#### [YOUR OBJECTIVE]
Find "847 Hemlock, Sleepy Hollow, IL 60118" below and begin at its line; stop after the line with "हिंदी पत्रकारिता दिवस". Output those lines exactly, without pictures.

#### [THE INPUT]
============

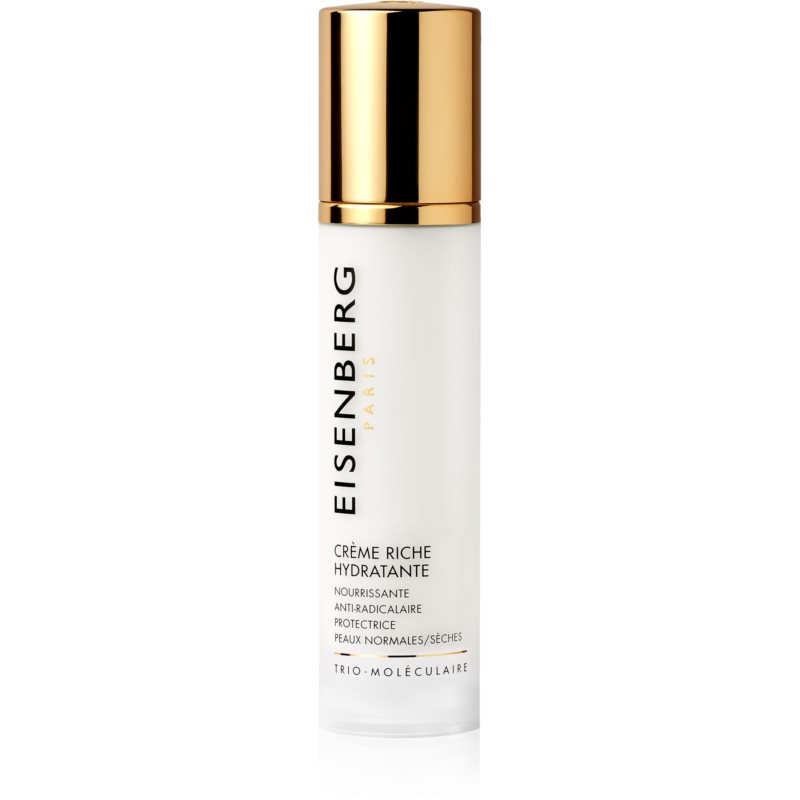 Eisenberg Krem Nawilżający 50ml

============

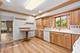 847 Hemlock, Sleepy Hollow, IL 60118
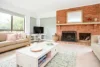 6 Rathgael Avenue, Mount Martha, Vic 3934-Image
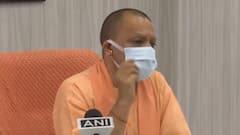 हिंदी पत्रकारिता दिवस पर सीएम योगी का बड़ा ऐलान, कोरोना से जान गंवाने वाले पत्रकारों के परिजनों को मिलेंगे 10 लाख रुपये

============

#### [SOLUTION FOR THIS PROBLEM]
 847 Hemlock, Sleepy Hollow, IL 60118
 6 Rathgael Avenue, Mount Martha, Vic 3934-Image
 हिंदी पत्रकारिता दिवस पर सीएम योगी का बड़ा ऐलान, कोरोना से जान गंवाने वाले पत्रकारों के परिजनों को मिलेंगे 10 लाख रुपये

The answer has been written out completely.